In the records below, reproduce exactly the lines from the one containing "SilverStone Strider Evolution" through the one containing "gestileerde vleugels diamant", both included, and omit the pictures.

━━━ THE DATA

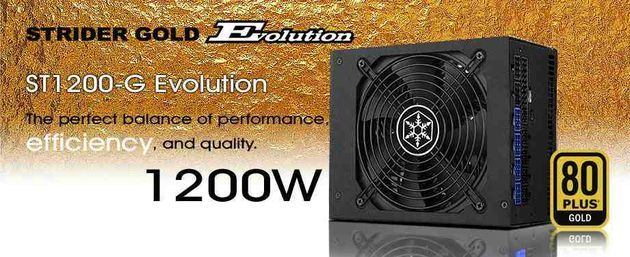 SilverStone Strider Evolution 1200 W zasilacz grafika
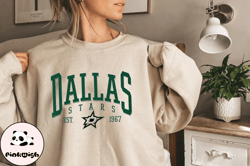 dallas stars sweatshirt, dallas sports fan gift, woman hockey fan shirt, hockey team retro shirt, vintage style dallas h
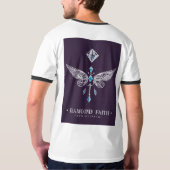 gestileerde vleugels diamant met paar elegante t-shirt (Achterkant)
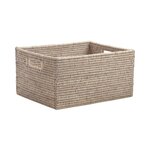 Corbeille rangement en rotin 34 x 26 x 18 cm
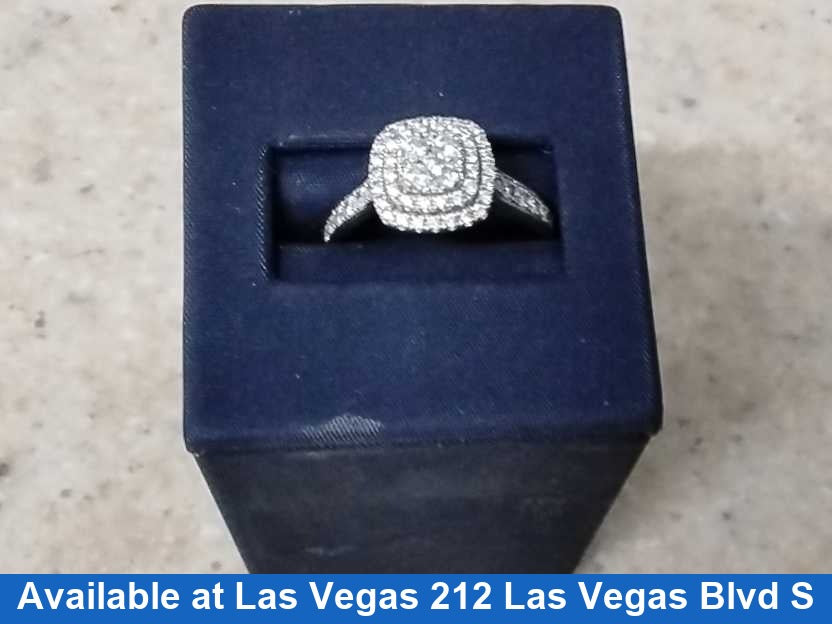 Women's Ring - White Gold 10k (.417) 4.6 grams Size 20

━━━━━━
━━━ THE DATA

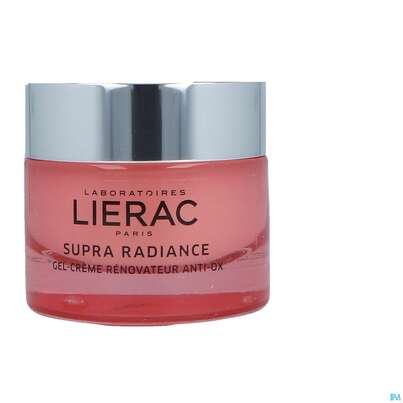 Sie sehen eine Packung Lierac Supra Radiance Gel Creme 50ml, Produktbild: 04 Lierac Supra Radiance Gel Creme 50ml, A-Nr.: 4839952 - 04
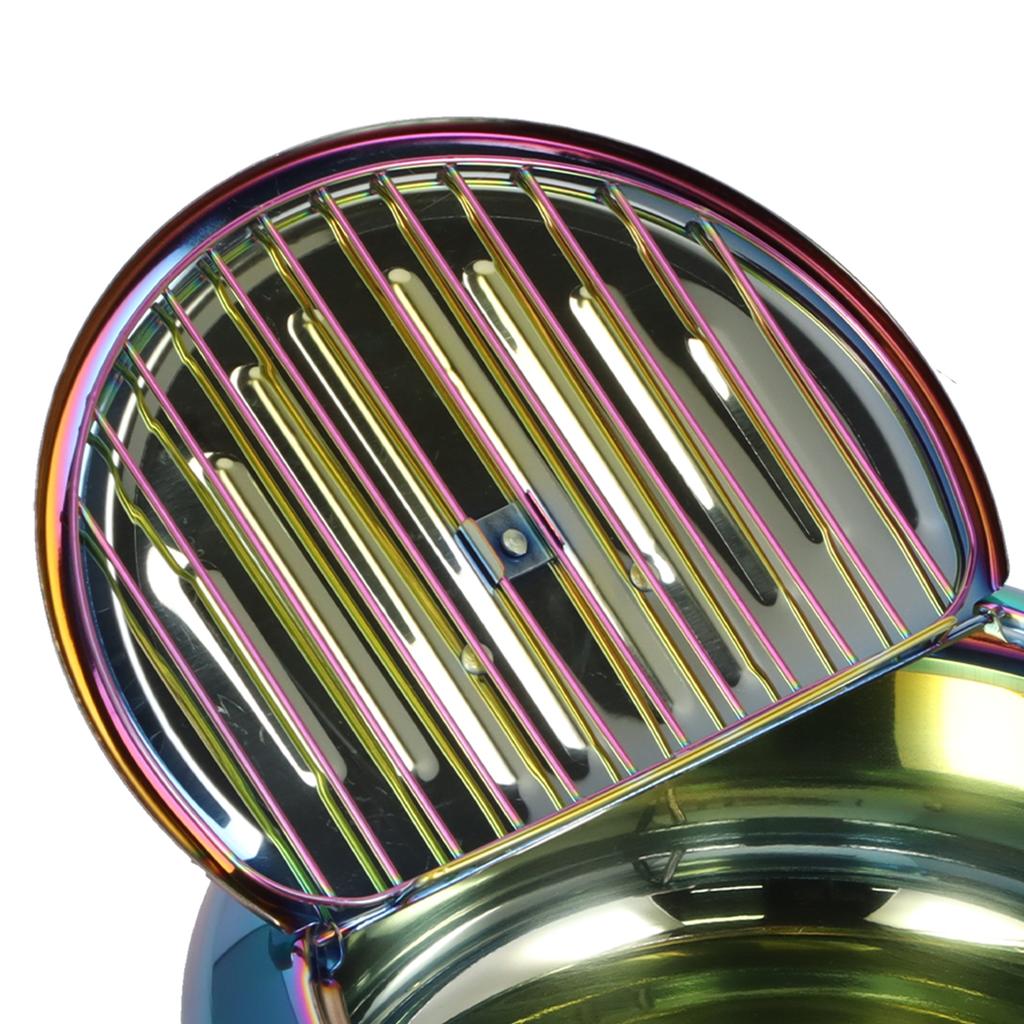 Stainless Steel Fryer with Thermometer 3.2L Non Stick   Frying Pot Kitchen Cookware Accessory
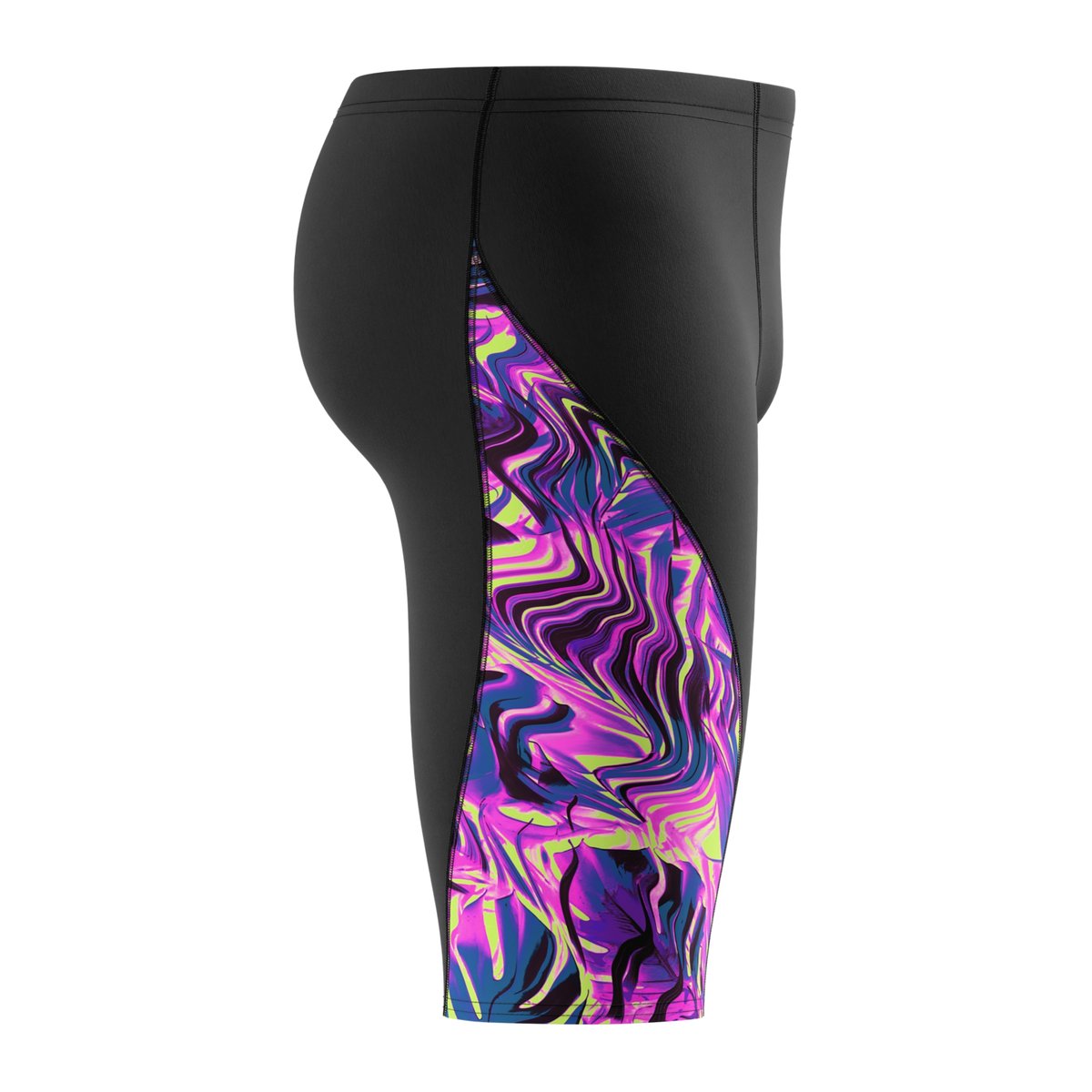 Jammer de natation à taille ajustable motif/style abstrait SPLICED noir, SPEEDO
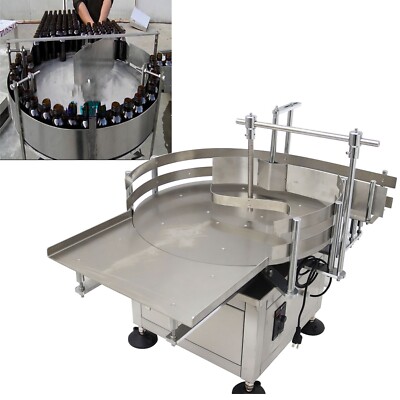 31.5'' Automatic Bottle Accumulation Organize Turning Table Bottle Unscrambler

━━━━━━

■ ANSWER BOX
 SilverStone Strider Evolution 1200 W zasilacz grafika
 dallas stars sweatshirt, dallas sports fan gift, woman hockey fan shirt, hockey team retro shirt, vintage style dallas h
 gestileerde vleugels diamant met paar elegante t-shirt (Achterkant)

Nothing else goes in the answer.